3 Breakup Lessons From My ReadersGeneral Break Up
This is a small website, as it began as a journal of my own thoughts and lessons regarding my own breakup. It is, and was, a way of comparing notes with others, not as a way to position myself as some sort of relationship guru and all-knowing romantic expert. The more you know, the less you know. And when it comes to relationships, nothing is quite as true.
As a tribute marking the website’s two year birthday, I’ve decided to offer a small list of breakup life lessons that my readers and friends have instilled in me, rather than yet another top-heavy existential rant, with my own opinions at the forefront. This one’s yours.
Investing In The Long-Haul
The vast majority of success stories (success doesn’t always mean reconciling) I’ve had the pleasure of witnessing have had one thing in common; they took time and a great deal of resilience.
Traditionally, I have always been a believer in making emotional clarity the single most important aspect of a breakup, and I would do what it took, including isolating an ex completely, in order to make this happen.
While I still do maintain that making a breakup a black and white issue is preferable to drowning in a sea of false hope (no crumbs, no self-victimization, no half-measures), it has – thanks to a slap in the face from my readers’ feedback – become glaringly obvious that you can protect your own feelings without nailing the romantic coffin shut permanently as a consequence.
This is what I’ve learned:
- DO block their social media profiles.
- DO erect a no contact/ limited contact policy to protect yourself from mixed messages.
- DO what it takes to protect your own feelings from false expectations and guilt.
Do all of this, and more, but make sure that they know why, or you risk saddling yourself with life-long guilt, as well as permanently and unnecessarily closing the door on reconciliation. Things change, and if they do, the walls of remorse, pride or resentment which we erected defensively may be too thick for them to ever surmount.
Think Less, Do More
Given the hundreds of thousands of words I’ve spilled on a relationship website, it may seem ironic to encapsulate the entire experience with a message to be less introspective and more dynamic.
Statistically speaking, those who have reported success have, by and large, been those who have been more existentially pro-active.
Not, as you might think, in terms of attempting to coax their ex into giving the relationship another whirl, but those who were determined to act in spite of it all, for their own sake. Tellingly, what was actually done was amazingly diverse in nature, and what they did was always secondary to simply doing something (usually it had nothing to do with their exes at all).
Here’s why I think it worked:
- By keeping moving you are forcing your subconscious mind to accept a new reality, separating your day-to-day existence from grief.
- The reduction of grief allowed objectivity to re-balance the emotional equation.

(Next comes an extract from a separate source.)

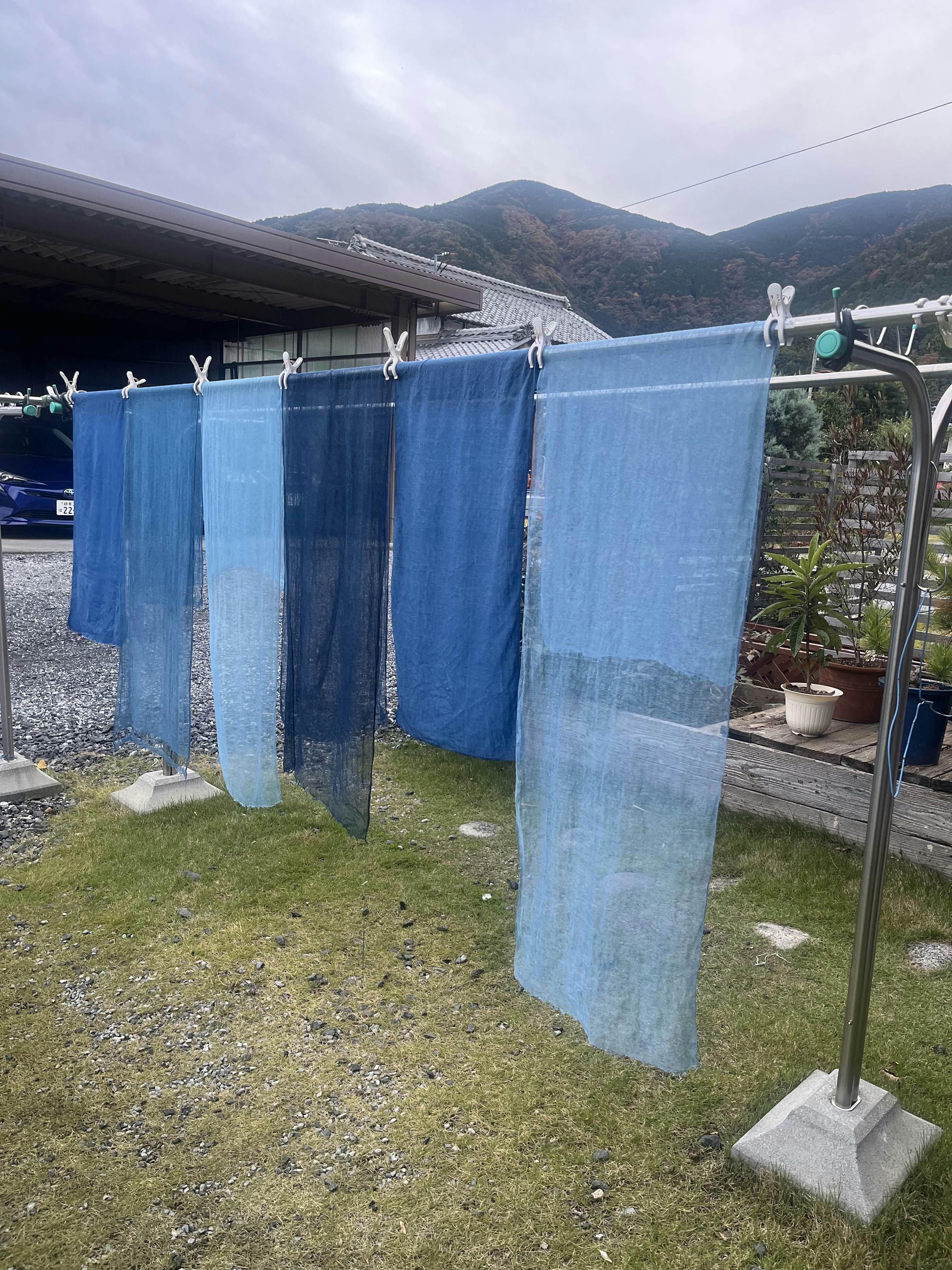 Pieces of fabric dyed blue hanging on a clothesline.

- Since attraction is ultimately rooted in positivity, this shift in alignment was usually enough to make their exes curious as to what was occurring.
- Curiosity led to a renewal of contact, and a reshuffling of the emotional deck.
- The progressive shredding of resentment, indignation and guilt thanks to balanced contact paved the way to reconciliation.
Moving on is not a figurative term and trauma isn’t only in the mind. Healing internally must be accompanied by a willingness to act. Reducing our all-to-human tendency to become the victims of our own insecurity.
There Are No Rights And Wrongs
You may be absolutely convinced that you are right, and that the burden of patching things up lies on them, but the problem is – and I absolutely guarantee this – so do they.
No matter who is intrinsically right or wrong, everyone involved in the trauma will have to move on, and as a consequence will justify the breakup in a way that diminishes the feeling of guilt that it generates.
When it comes to reconciling, protecting our dignity is obviously paramount, but so is the willingness to declare an amnesty. If we can’t tackle trust issues, resentment and other anchors head on, reconciliation will simply never happen.
Admittedly, sometimes we really are the victims, and sometimes what was done to us was simply unacceptable. If this is the case, we have the duty to protect our feelings from further pain. But hiding behind a passive-aggressive charade will always end in tragedy. For in trying to play our exes, we only end up playing ourselves.